### Problem to work on
Return each line of the listing exactly, though without its images.

### Data extract

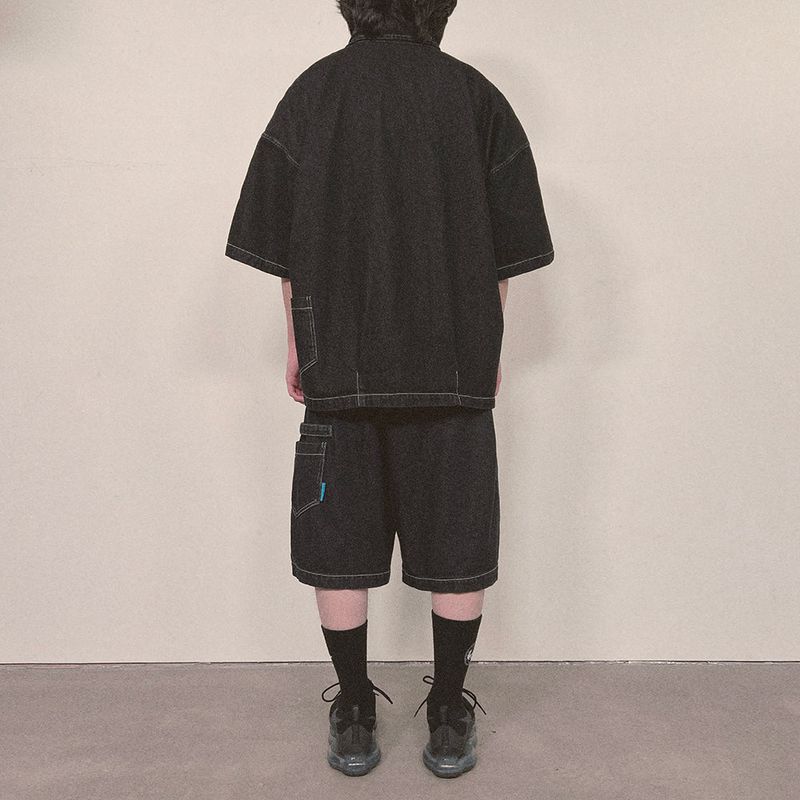 denim stitch shorts_black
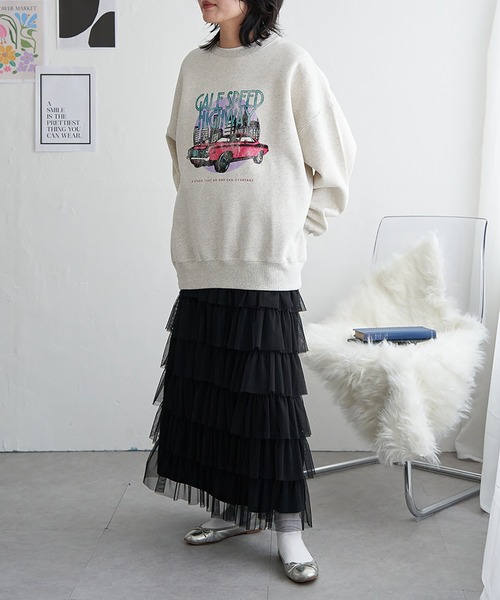 VENCEEXCHANGE（ヴァンスエクスチェンジ）の「レトロカープリントスウェット（スウェット・レディース・グレー系その他/アイボリー/チャコール/ネイビー・FREE）」の18枚目の写真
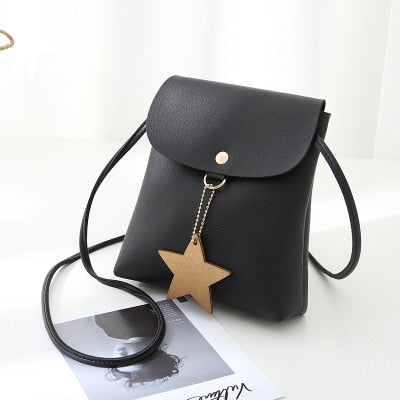 2019 Brand Fashion Mini Crossbody Messenger Bag Women Star Small Leather Change Coin Bag Shoulder Pouch for Teenage Girls Kids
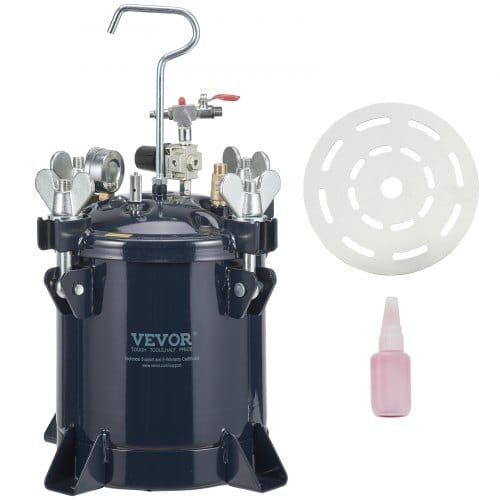 Mophorn - Vevor Druckbehälter Farbbehälter Sprühfarbe Drucktopf 10 L Drucktank, 70 Psi Lackierpistole Farbbehälter Φ 24 × 25 Cm Spray Paint Pressure Pot Tank Paint Container Farbspritzpistolen Lacken, Flecken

### Worked solution
 denim stitch shorts_black
 VENCEEXCHANGE（ヴァンスエクスチェンジ）の「レトロカープリントスウェット（スウェット・レディース・グレー系その他/アイボリー/チャコール/ネイビー・FREE）」の18枚目の写真
 2019 Brand Fashion Mini Crossbody Messenger Bag Women Star Small Leather Change Coin Bag Shoulder Pouch for Teenage Girls Kids
 Mophorn - Vevor Druckbehälter Farbbehälter Sprühfarbe Drucktopf 10 L Drucktank, 70 Psi Lackierpistole Farbbehälter Φ 24 × 25 Cm Spray Paint Pressure Pot Tank Paint Container Farbspritzpistolen Lacken, Flecken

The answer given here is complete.